Protesters in Oman have stopped short of calling for a change of government, unlike in neighbouring Yemen, where protesters want the president to go, and in fellow Gulf Arab state Bahrain, where protesters want the prime minister sacked.
Omani troops had been deployed in the city beforehand but until yesterday had refrained from intervening to stop protests.
At the nearby Globe Roundabout, centre of the Sohar protests that have drawn up to 2,000 people, five armoured vehicles watched the square but no demonstrators could be seen.
After the confrontation, traffic flowed freely into the port, which exports 160,000 barrels per day of refined oil products, despite the presence of around 150 protesters. Protesters had blocked the entrance to the port on Monday.
Later in the capital, Muscat, about 200 people gathered in a silent protest in front of the building of the Shura Council, the elected advisory body, asking for jobs and reforms.
About 2,000 people also gathered at a Muscat mosque to voice support for Sultan Qaboos and the government, blaming violence during this week’s demonstrations on protesters, residents said.
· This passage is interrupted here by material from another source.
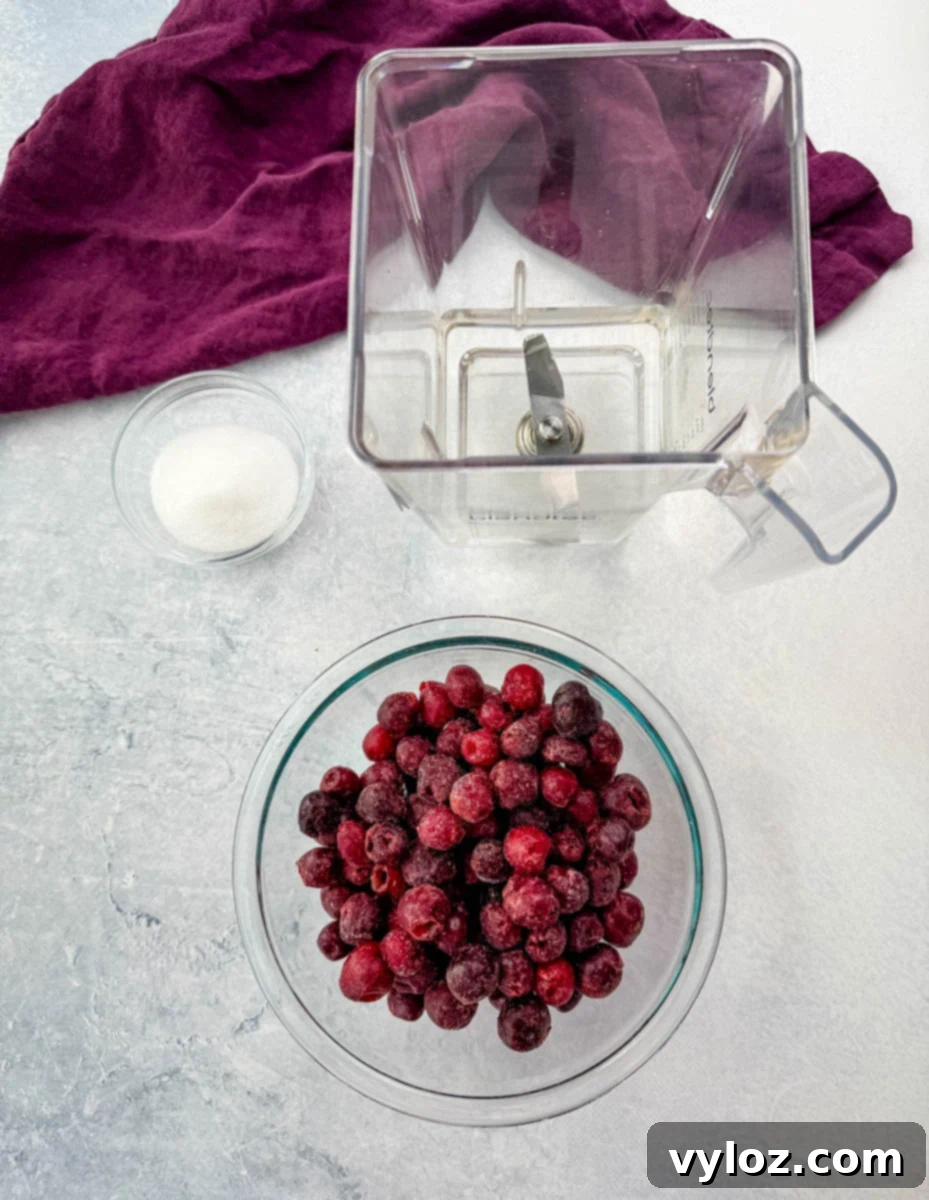 A flat-lay image displaying a clear blender jar, a bowl of frozen cherries, and a small glass bowl of sugar, ready to be blended into a cherry slushi. The background has a neutral textured surface with a deep purple cloth.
Meanwhile, Sohar Industrial Port Company said that Western management had returned to Sohar from Muscat, where they had been moved to on Monday as a precautionary measure. The Dutch families of the management will remain in Muscat, however.
The harbour is accessible again and ships have started arriving again in the port, where loading and unloading has resumed, the company said in a statement.
The US State Department said on Monday, the same day Sohar protests spread to Muscat, that Washington was encouraging restraint and dialogue in Oman, strategically important because it faces arch-US adversary Iran across the Arabian Sea.
Oman has strong military and political ties with the United States and is a non-OPEC oil exporter that pumps around 850,000 barrels per day.
As many as six people were killed in Sohar on Sunday when police opened fire on stone-throwing demonstrators after failing to scatter them with batons and tear gas. – (Reuters)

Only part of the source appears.